How big a shift? From 1970 to 2015, global temperatures rose at roughly 0.2°C per decade, a pace that was itself already alarming. Over the past ten years, the adjusted data suggest the rate has nearly doubled, to about 0.35°C per decade, depending on the dataset. “We can now demonstrate a strong and statistically significant acceleration of global warming since around 2015,” Foster says. That warming rate, if you’re looking for a comparison, is higher than in any decade recorded since instrumental measurements began in 1880.

Even 2023 and 2024, which generated considerable debate (some attributed their record temperatures almost entirely to an unusually strong El Niño), remain the two warmest years on record even after El Niño’s contribution is stripped out. The El Niño story was real. It just wasn’t the whole story.

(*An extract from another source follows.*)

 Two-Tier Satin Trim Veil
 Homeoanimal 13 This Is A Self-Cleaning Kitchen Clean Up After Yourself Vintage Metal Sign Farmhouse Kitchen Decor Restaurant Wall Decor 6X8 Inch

What the paper does not do is explain why warming has accelerated. That question, which is frankly the more unsettling one, is left open. Climate models do predict that warming rates should increase as atmospheric CO₂ concentrations rise; the feedback loops baked into the physics of the climate system mean faster warming begets more warming. So an acceleration is not, in itself, unexpected. Whether the specific post-2015 step-change has a particular cause beyond the steady accumulation of greenhouse gases is not something this study can say. “We filter out known natural influences in the observational data, so that the ‘noise’ is reduced, making the underlying long-term warming signal more clearly visible,” Foster explains, describing the methodology rather than its implications. The causes are a problem for another paper.

The implications, though, follow fairly directly from the numbers. The Paris Agreement set a goal of limiting long-term warming to 1.5°C above pre-industrial levels. Climate scientists have been tracking how close we’re getting; global mean temperature is now reckoned at roughly 1.3°C above that baseline. At the pace of 0.35°C per decade that the adjusted data show, the 1.5°C threshold would become a permanent fixture rather than a target before 2030. “If the warming rate of the past 10 years continues, it would lead to a long-term exceedance of the 1.5°C limit of the Paris Agreement before 2030,” Rahmstorf says bluntly.

The study doesn’t stop at that observation either. “How quickly the Earth continues to warm ultimately depends on how rapidly we reduce global CO₂ emissions from fossil fuels to zero.” That’s perhaps the plainest statement of where things stand. The statistical analysis has done its job: removed the noise, confirmed the signal, quantified the rate. What happens to that rate is, from here, a policy question rather than a scientific one.

There’s something almost odd about how the result was obtained. You might expect a paper about accelerating climate change to open with satellite data, or ice cores, or some atmospheric measurement campaign. Instead it starts with subtraction; with the quiet, slightly painstaking work of estimating what the planet’s temperature would have been in a world without El Niño, without Pinatubo, without the solar maximum of the early 2000s. The signal Foster and Rahmstorf were looking for isn’t dramatic in itself. It’s the difference between 0.2°C per decade and 0.35°C per decade. A number that took 140 years of thermometer readings and a careful statistical scrub to extract cleanly.

Whether that acceleration continues, plateaus, or (in more optimistic scenarios) reverses as renewable energy deployment scales up will be, in some sense, the central empirical question of the next decade. The thermometers are already in place. The noise-removal methodology now exists. We’ll know the answer, one way or another.